There is a compliance “spill over” effect as companies in the US and Europe exert pressure on their overseas partners to adjust their business processes to meet their compliance requirements.
Penalty Avoidance
In the initial stage of compliance management, most companies in Asia and other parts of the world outside of the US and Europe, allocate their resources to implement compliance programmes to meet the minimum expectations of their customers. Their objective of compliance is to avoid ‘penalty’ or loss of business.
Optimize & Sustain
Given that compliance programmes are not one-off projects but are on-going imperatives to meet business objectives, companies realise that piecemeal approaches to the compliance efforts are not sustainable and will not yield the desired benefits.
An increasing number of companies are finding that embracing the spirit, and not just the letter of the law, can provide them with significant opportunities to optimize their operational efficiency beyond regulatory compliance.
These companies have found that when they integrate compliance into their business processes and where ownership of every process is clearly identified, the compliance programmes become sustainable with positive results shown in improved bottom line and reduced costs.
Leverage Compliance for Competitive Advantage
Many companies are leveraging compliance beyond meeting regulatory requirements. They are using compliance as a catalyst to improve their financial, data protection and reporting practices to increase their profits and reduce the cost of fraud.
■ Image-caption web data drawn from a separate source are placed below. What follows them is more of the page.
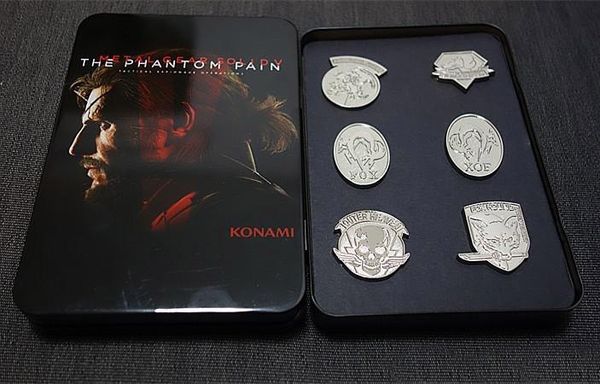 pins brooches game mgs 5 metal gear solid v the phantom pain badges set with iron box collectibles accessories 6pcs set 230223, Gray
pins brooches game mgs 5 metal gear solid v the phantom pain badges set with iron box collectibles accessories 6pcs set 230223, Gray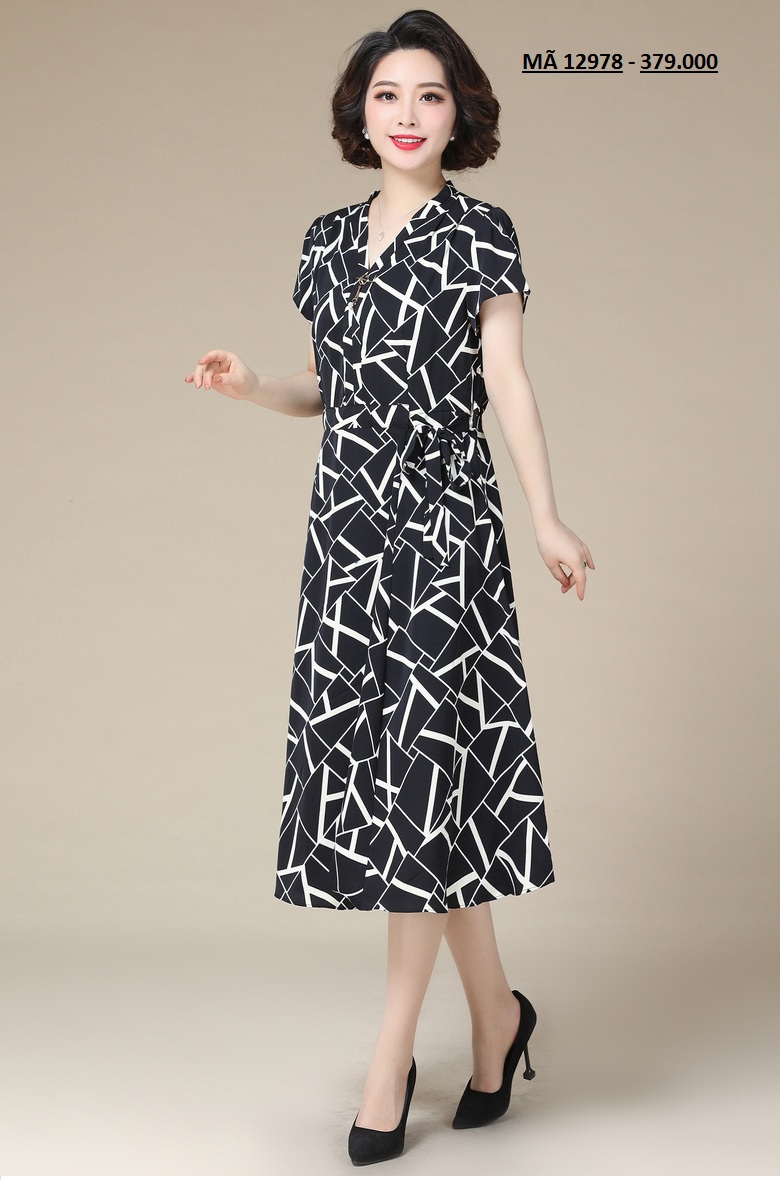 12978-Đầm xòe cổ tim  đính phụ kiện họa tiết zic zac _thumbnail_1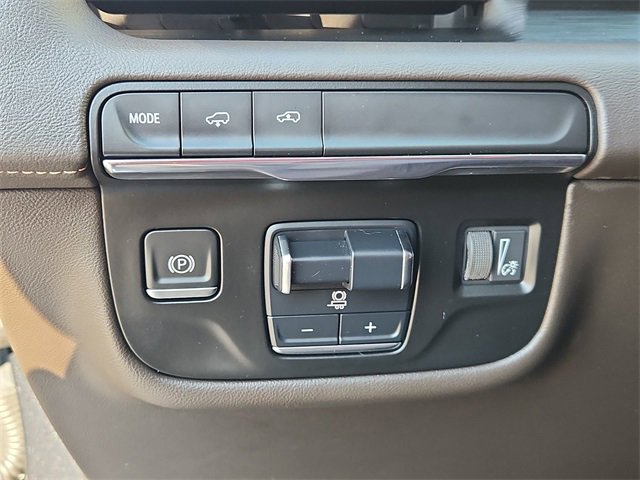 Used 2021 Cadillac Escalade Sport w/ Driver Assist Tech Package image 18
Compliance related business process improvement serves not only to mitigate risk but can also unleash the companies’ competitive assets.
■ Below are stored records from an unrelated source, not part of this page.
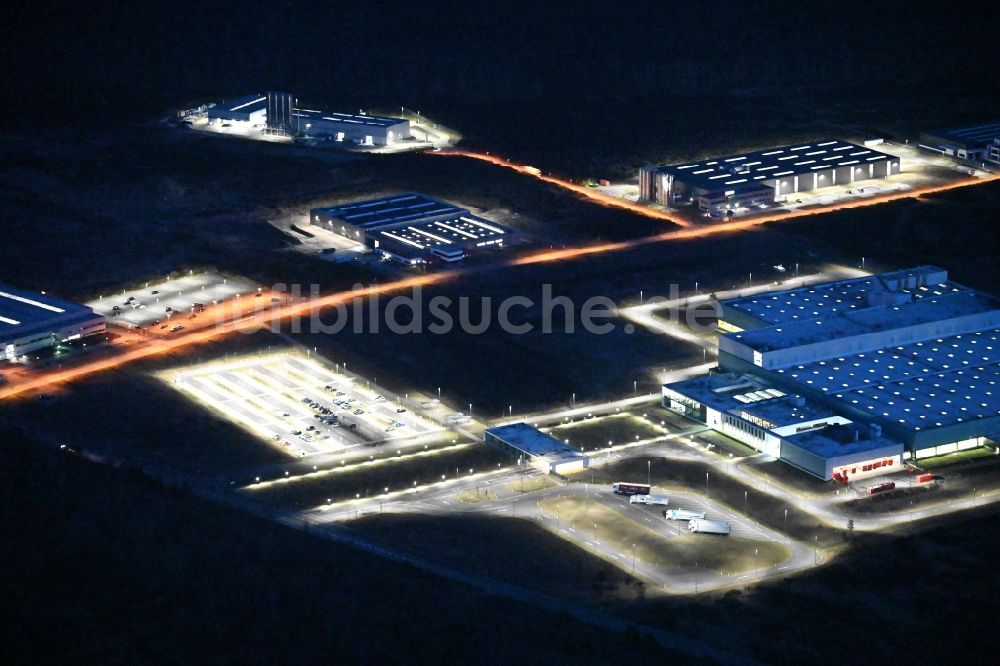 Schwerin bei Nacht aus der Vogelperspektive: Nachtluftbild Werksgelände der Nestlé Deutschland AG in Schwerin im Bundesland Mecklenburg-Vorpommern, Deutschland
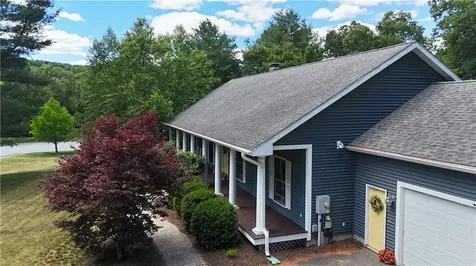 17 Blackwells Landing Brooklyn CT 06234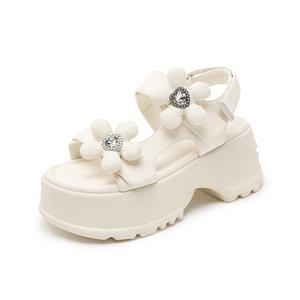 Milan love song Римские сандалии женские бежевые, цвет Beige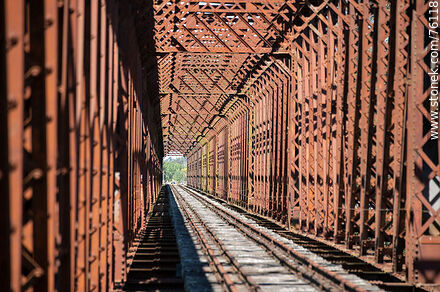 Puente ferroviario de hierro reticulado sobre el río Yí (2021) - Departamento de Durazno - URUGUAY. Foto No. 76118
Investing in compliance solutions can provide business value to sustain competitive advantage in the following:
• Ability to deliver relevant information to decision makers of all levels at all times; • Capability for ensuring the privacy and security of sensitive information assets; • Improvement in reporting capabilities and internal controls; • Enhance image and branding of the company.
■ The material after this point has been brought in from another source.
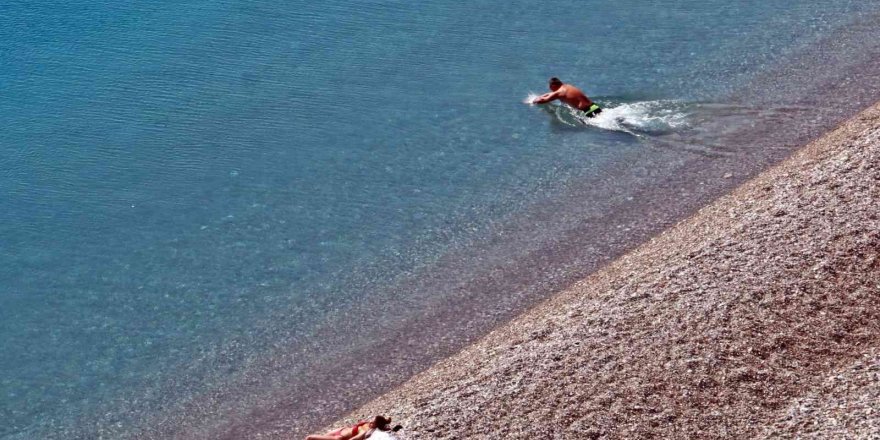 Antalya’da kar manzarası eşliğinde deniz ve güneş keyfi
Demands of Compliance on Information Technology
Although most people would think that compliance is the main concern for finance and company directors, however Chief Information Officers (CIO) are playing a bigger role in developing and implementing regulatory compliance programmes. This is because most of today’s business processes and internal controls are automated and driven by information technology (IT).
Implementing programmes to comply with new regulations creates the need to change business processes which in turn require modifications to existing IT systems and applications. The constant changes in organisational structure and IT systems to meet the demands of new regulations and the changing business processes are posing great challenges for companies and their IT departments.
Challenges Facing Information Technology
In the May 2005 survey conducted by Mercury and the Economist Intelligence Unit (EIU), over 800 IT executives from US, Europe, Middle East and Africa (EMEA) and Asia Pacific commented on the challenges they were facing. More than 74 percent of US companies, 45% of European companies and 80% of Asia Pacific companies cited implementing programmes to comply with regulations as one of the biggest challenges facing their IT departments.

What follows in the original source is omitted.